8) Measure: Log timings, confidence, corrections
9) Retrain: Periodic batch eval, update examples, adjust categories
Slack message format
– Title: [category][priority] subject
– Summary: 1 line + key entities
– Buttons: Claim (assign to self), Approve Draft (sends), Request Edit (opens modal), Reassign (picker)
– Thread: Bot posts Airtable link + due_at countdown
Failure modes and handling
– LLM timeout → retry with backoff; if still failing, default to rule-based category using keyword regex
– Low confidence (<0.6) → tag “needs_review”; do not auto-send; ping triage channel
– Large threads → summarize last human message only; include thread_size in log
– Attachments → virus scan; extract PDF text for entity match (order_id, invoice #)
Costs and performance
– Cost: ~ $0.002–$0.01 per email with small LLM; less if batching summaries
– Latency: Target <2s end-to-end; use streaming only for UI if needed
– Accuracy: Start with 6 categories; aim 95% precision on category, 98% on email detection, 85% on entities; iterate with error review
– Throughput: Cloud Run min-instances=0 for idle; scale to 100 rps bursts
Security and compliance
– Service account with restricted Gmail scopes
– Do not store raw bodies in logs; keep hashed identifiers
– PII redaction before Slack
– Secrets in GCP Secret Manager or AWS Secrets Manager
– Data retention policy in Airtable (archive after 180 days)
Evaluation loop (weekly)
– Sample 100 tickets; compare category, entities, SLA hit rate
– Track “first meaningful response” time and close rate per category
– Capture human edits to reply_draft for fine-tuning examples
– Adjust routing thresholds and on-call hours
ROI model (simple)
– Baseline: 400 inbound/month, 5 min manual triage each → 33 hours
– Post-automation: 30 sec review each → 3.3 hours
– Net saved: ~30 hours/month; at $45/hour → ~$1,350/month
– Plus conversion lift from same-day lead replies (track won vs. response time)
Implementation notes
– Use Gmail HistoryId to avoid double-processing
– Cache model responses for identical threads within 10 minutes (Redis)

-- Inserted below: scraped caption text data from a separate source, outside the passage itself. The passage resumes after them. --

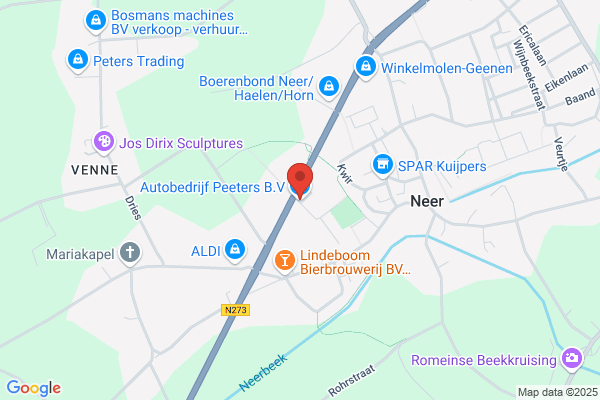 Peeters Autobedrijf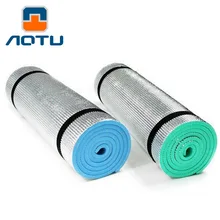 Открытый походный EVA Solo влагостойкий коврик для кемпинга влагостойкий коврик из алюминиевой фольги влагостойкий коврик AT6233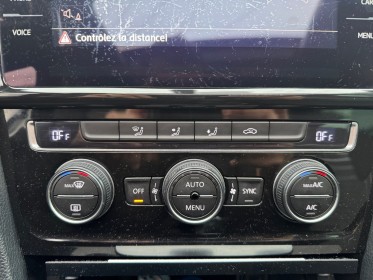 Volkswagen golf 1.6 tdi 105 bluemotion technology fap cup || garantie 12 mois || occasion osny simplicicar simplicibike france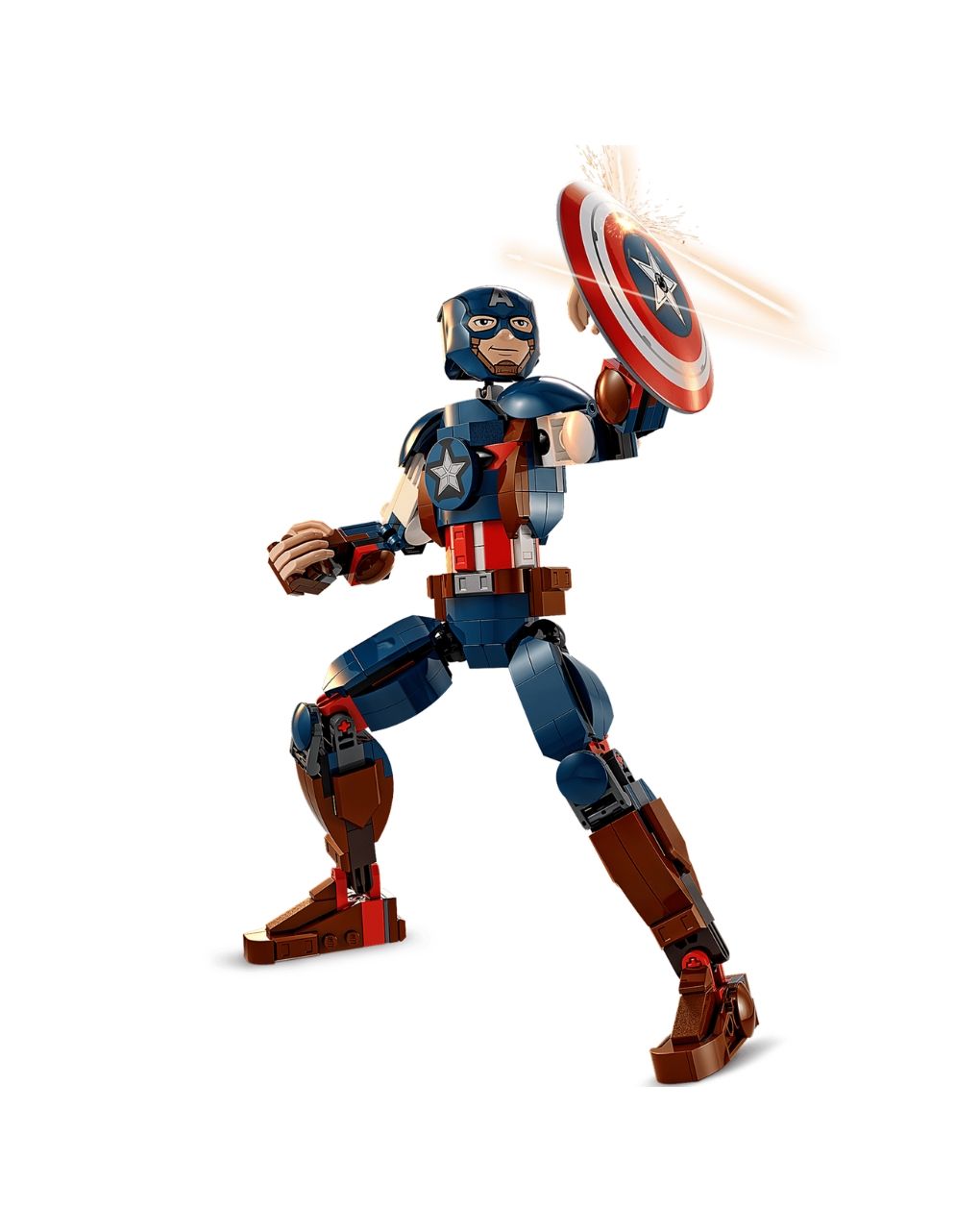 Lego marvel captain america construction figure 76258 - LEGO, LEGO Marvel Super Heroes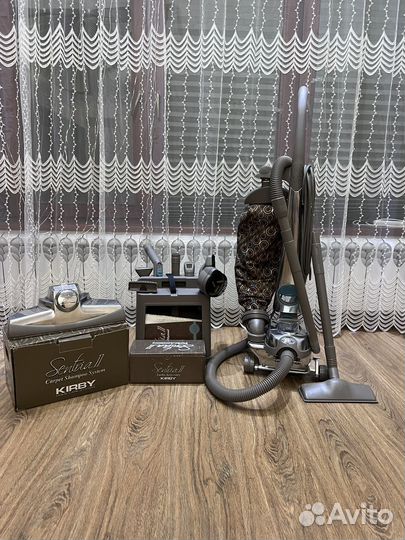 Пылесос kirby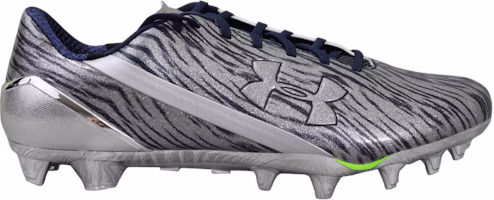 Under Armour Spotlight 'Metallic Silver Navy' 1280533-241 Under Armour Spotlight 'Metallic Silver Navy' 1280533-241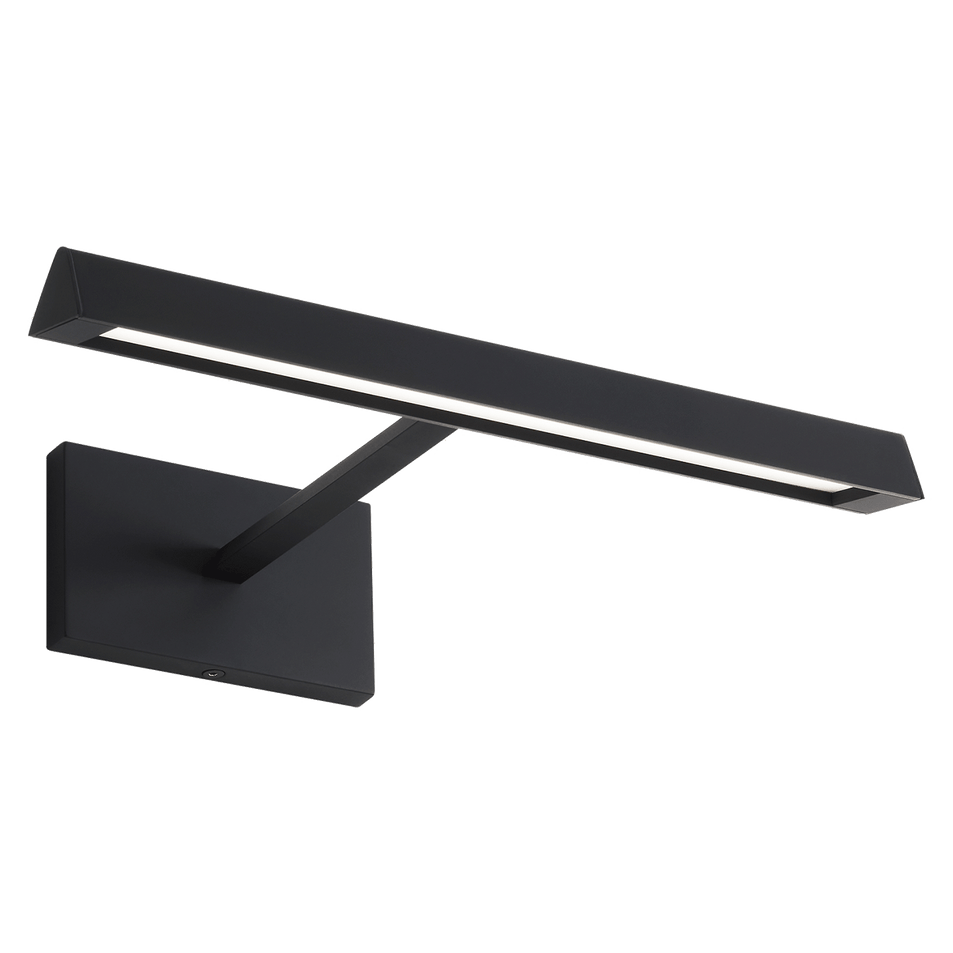 Dessau 12 Picture Light, a premium Picture light by Visual Comfort & Co. Close - up image of its design.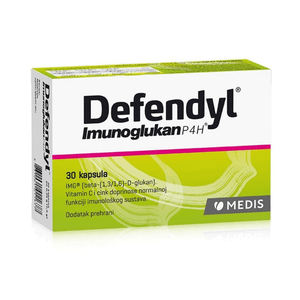 DEFENDYL IMUNOGLUKAN P4H KAPSULE A30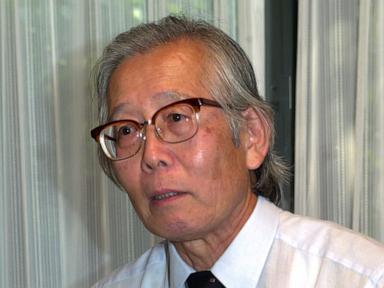 Source-feed image associated with Japanese scientist Shirakawa, co-winner of 2000 Nobel Prize in chemistry, dies at 90
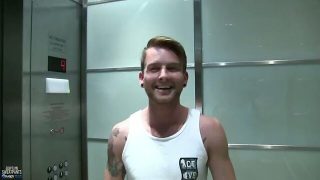 Brett Beckham and Austin Wilde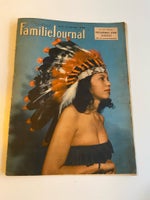 Bøger og blade, FamilieJournalen 1948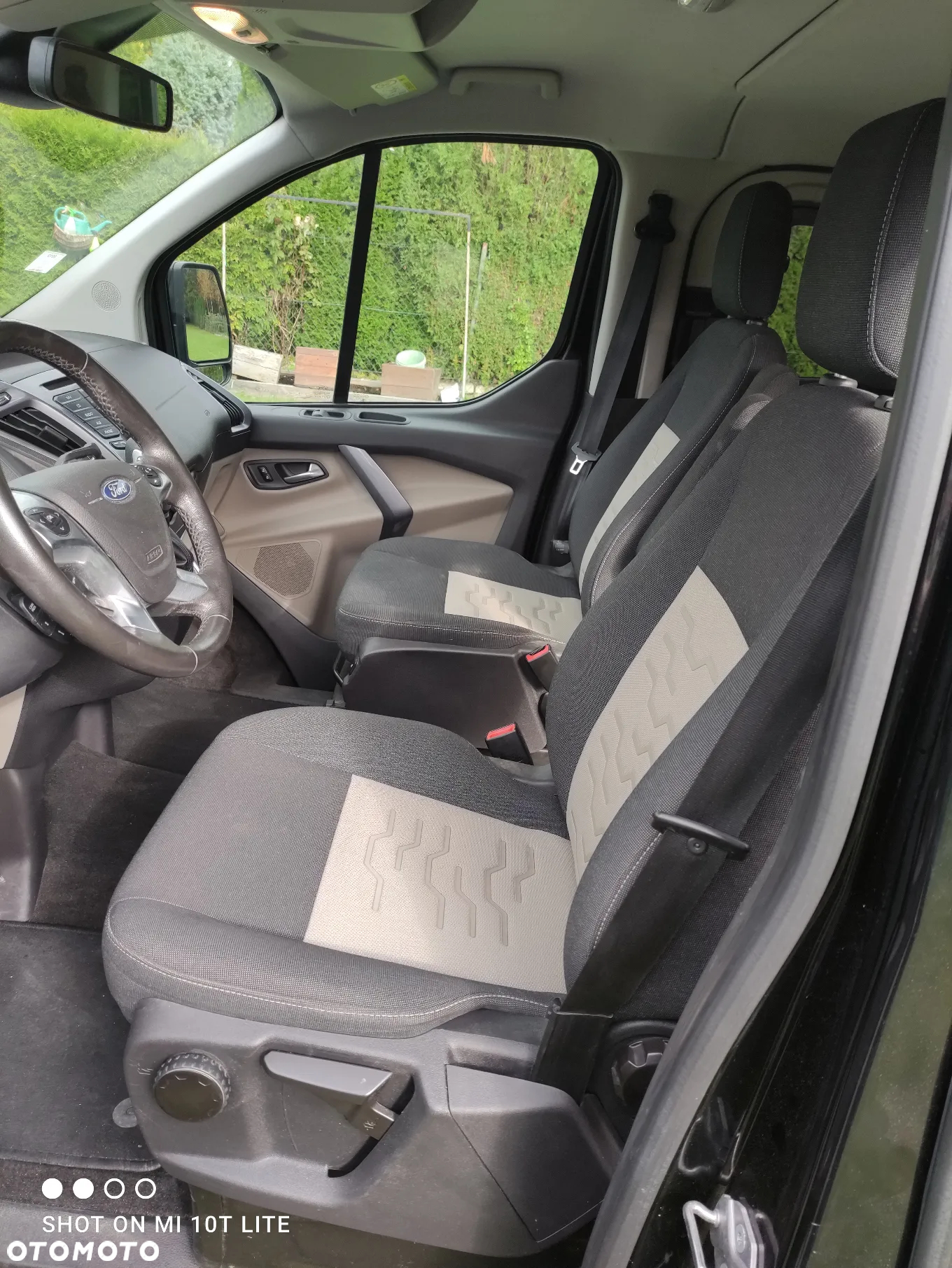 Ford Transit Custom - 15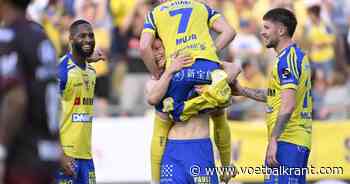 STVV verrast vriend en vijand met stevige affiche tegen Champions League-klepper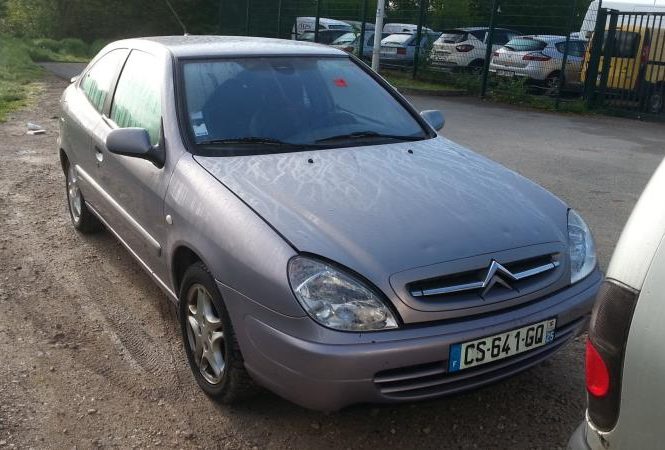 CITROEN XSARA PHASE 2 COUPE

– JSON schema example keys must be stable to preserve analytics
– Keep examples business-specific; swap in real subject lines, product names
– Add language detection; route non-English to bilingual assignees
Minimal endpoint contract (POST /triage)
– Input: message_id, thread_id
– Output: ticket_id, category, confidence, actions_taken [ack_sent, slack_posted]
Go-live checklist
– 2-week shadow mode (no auto-send), collect corrections
– Thresholds tuned; legal/billing excluded from auto-ack
– On-call rotation confirmed; Slack permissions tested
– Dashboards: SLA breach count, average first response, category distribution
– Runbook for outages and LLM provider failover
Extensions
– CRM sync (HubSpot/Close) on category=lead
– Voice/voicemail ingestion via transcription
– Calendar links in reply_draft for sales
– Priority boost for repeat customers (email/domain match)
Bottom line
Start narrow, measure aggressively, and keep humans-in-the-loop where it matters. This pattern reliably turns inbox chaos into a predictable, SLA-driven pipeline that pays for itself in the first month.